Thanks for responding. I think most of what I want to say is in
response to Matthew, but let me just mention that I agree with Ronan.
Integer is very different from int. Aside from the obvious difference
with division, every attribute and method of the classes it inherits
from are avaialble on it, giving it a standard interface. This is
fundamental to this discussion. Basic subclasses are Liskov
substitutable. I can write expr.args or expr.atoms or expr.xreplace
without worrying if expr is an Add or a Symbol or an Integer.
Division is a special case of this. This simply is not true for
strings and ints.
By the way, Ronan, which option do you prefer? Or is there another
even better option that only you can see?

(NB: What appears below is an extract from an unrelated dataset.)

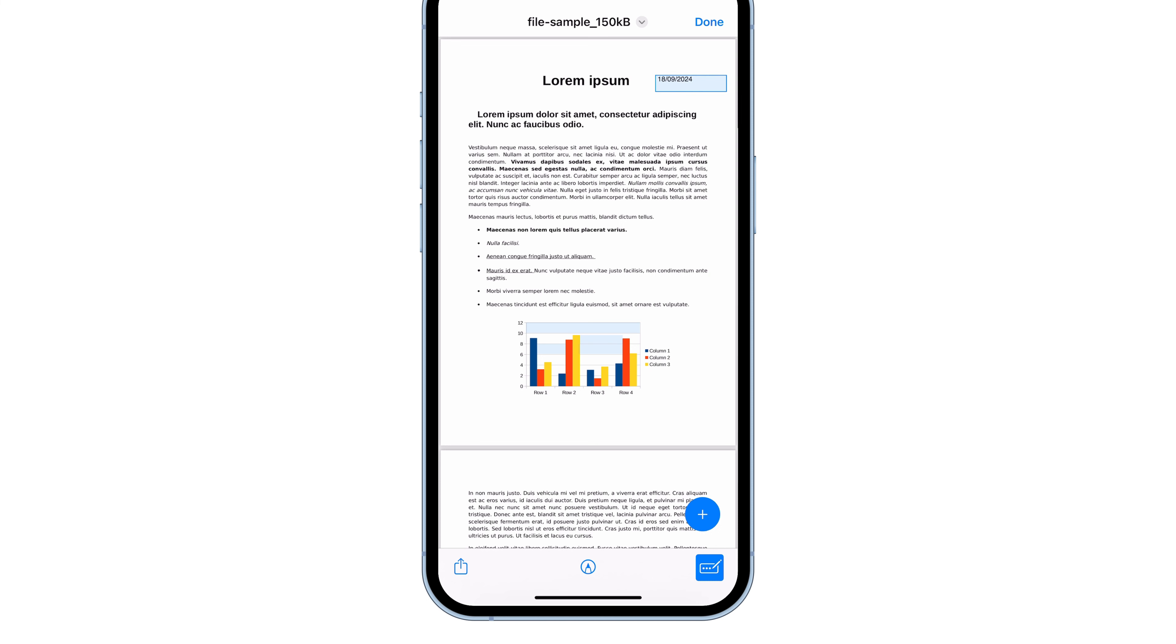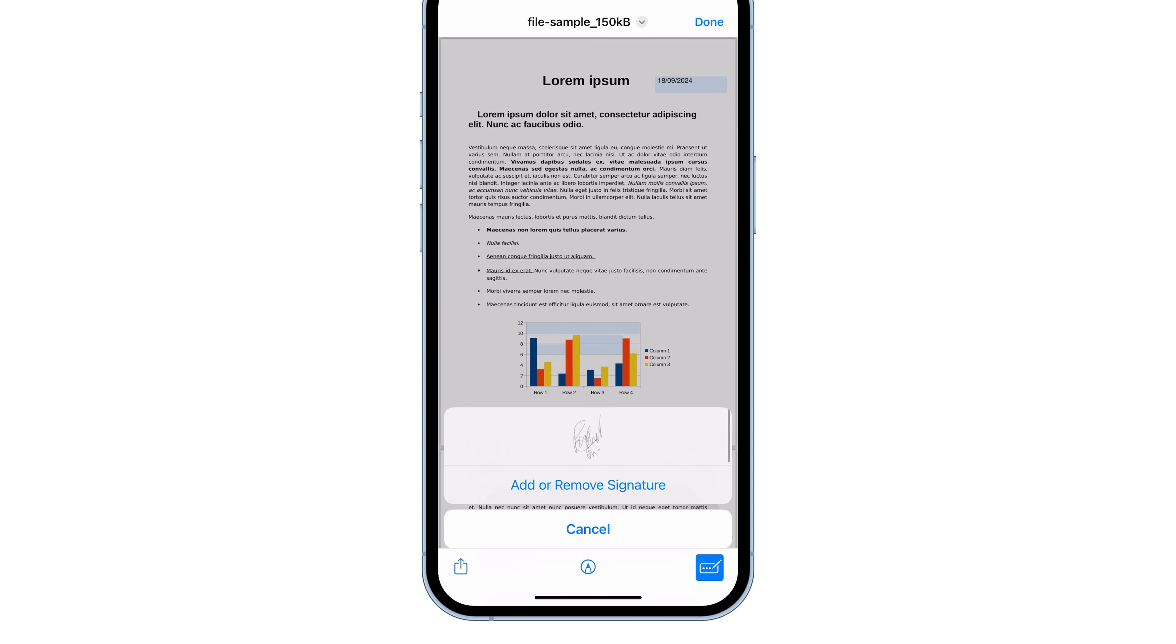Need to add a signature? No problem. Tap the plus icon again, choose Add Signature, and then tap the plus at the top left to create a new one.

On Tue, May 21, 2013 at 1:06 AM, Matthew Rocklin <
mroc...@gmail.com> wrote:
> I've added my thoughts to the wiki. I'm double posting them here. These
> follow Aaron's opinion section which is definitely worth a read.
>
> ### Matthew
>
> I mostly prefer 1
>
> - Small point but while it's fresh in your mind, `MatrixSymbol('x', 1,
> 2).args` can't be () easily. This is because the expression could be
> `MatrixSymbol('x', n, k+m)`. The second two arguments are the shape and in
> general are `Expr`s. We'll need to traverse down these so they'll either
> need to be args or we'll need to do a lot of special casing within
> `MatrixSymbol`. A pull request exists to replace `'x'` with `Symbol('x')`.

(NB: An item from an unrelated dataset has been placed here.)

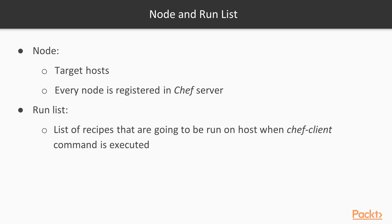The nodes are the target hosts. Every node is registered in the Chef server and has a run list that is a list of recipes that are going to be run on a host when the Chef client command is executed.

> This seems wrong to me because `'x'` here is a name, not a mathematical
> scalar. The right way to do this under 3 would be to create a
> `String(Basic)`. This also feels wrong to me because we're being forced to
> reinvent a class with no new functionality.

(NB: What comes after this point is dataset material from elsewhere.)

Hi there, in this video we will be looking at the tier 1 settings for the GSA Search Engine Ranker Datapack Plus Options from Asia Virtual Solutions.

OK, you are right about this. MatrixSymbol clearly cannot be a leaf.
Ronan is right when he says that Symbol is not a replacement for str.
The two are unrelated. You can't do Symbol('xyz')[:1] or Symbol('
').join(['a', 'b', 'c']), and Symbol('x') + Symbol('y') != 'x' + 'y'.
But I think it doesn't matter. We don't need a full-fledged string,
just like we don't really need it anywhere that we use Symbol (for
those rare cases where we do do some string processing we just use
Symbol.name). The only aspect of strings that we use in Symbols
(aside from the fact that they are names) is equality, and for that,
they agree: Symbol(a) == Symbol(b) iff a == b.
So my recommendation here goes back to using Symbol as the first
argument of MatrixSymbol. Also, the class should clearly not subclass
from Symbol in this case (I don't remember if it already does).
Perhaps a mathematician's point of view is worth considering here
(this is my point of view, when I am in my graduate student shoes).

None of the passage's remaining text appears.